Where the line containing "4 Bedroom Property" appears below, begin there and reproduce each line exactly through the last one, omitting pictures.

The data>
• • • • • • •
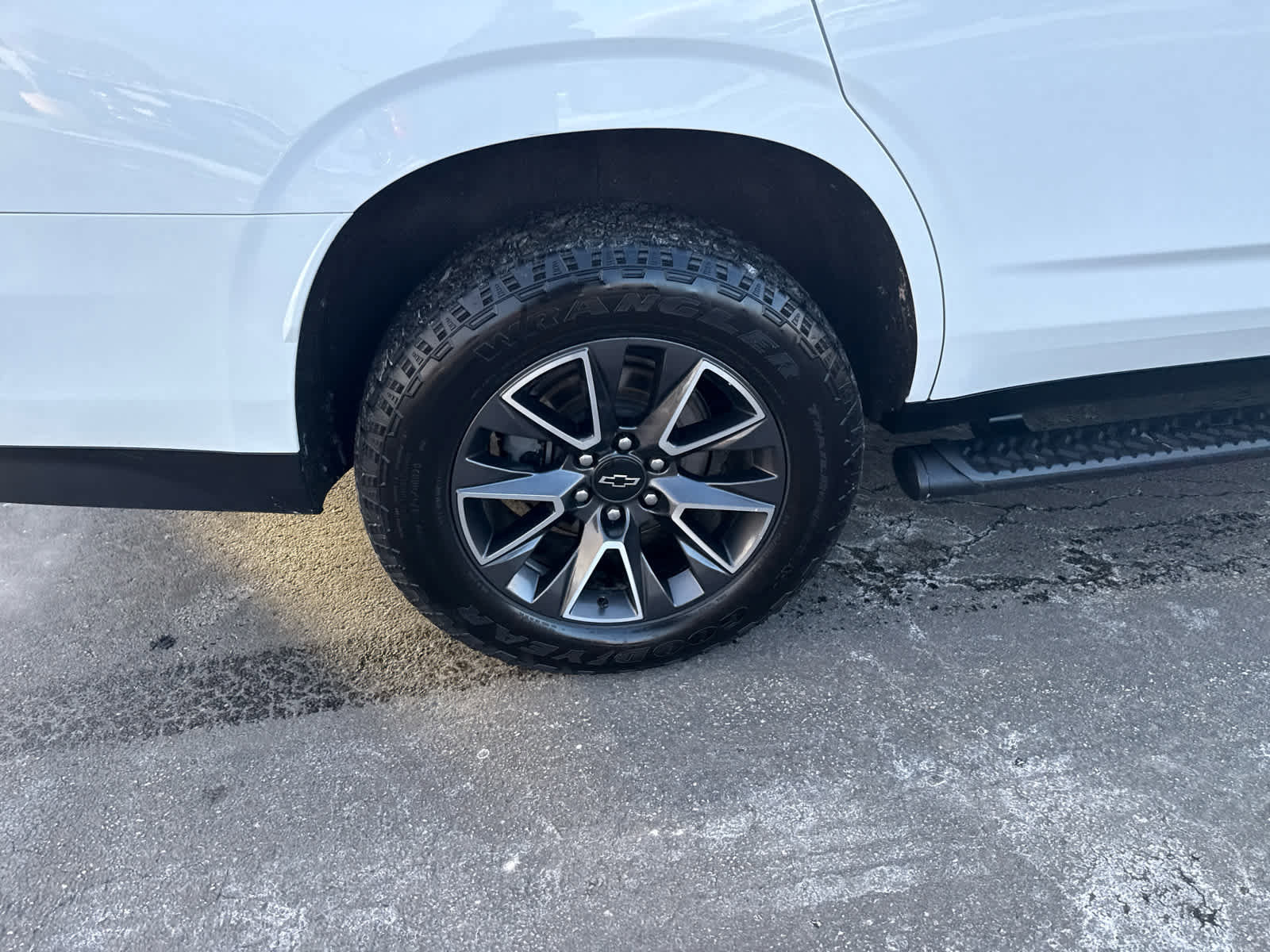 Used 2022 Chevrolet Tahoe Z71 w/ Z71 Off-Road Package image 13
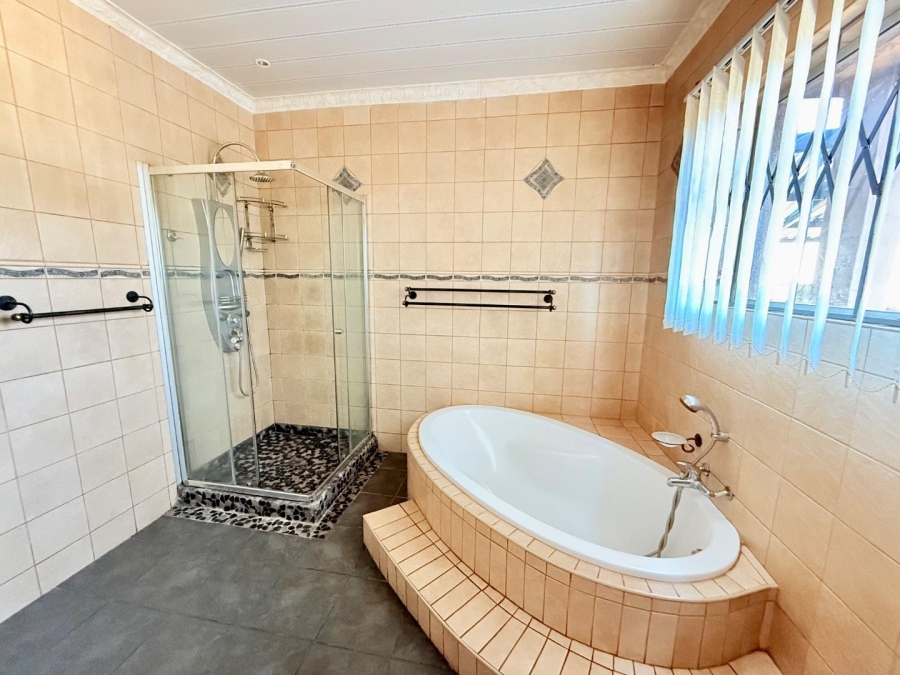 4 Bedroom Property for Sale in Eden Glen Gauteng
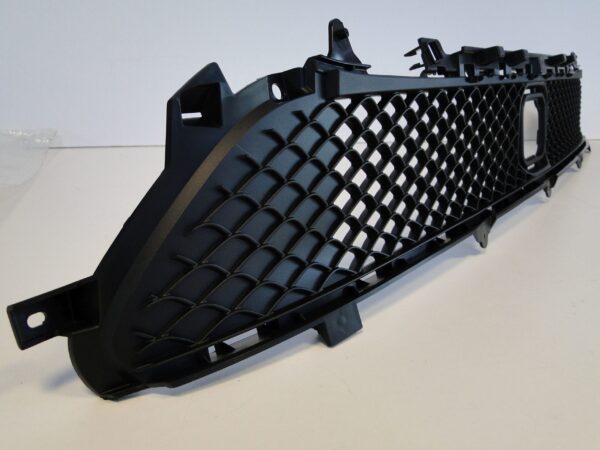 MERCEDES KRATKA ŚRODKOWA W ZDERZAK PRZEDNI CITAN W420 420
• • • • • • •
Task solution>
 4 Bedroom Property for Sale in Eden Glen Gauteng
 MERCEDES KRATKA ŚRODKOWA W ZDERZAK PRZEDNI CITAN W420 420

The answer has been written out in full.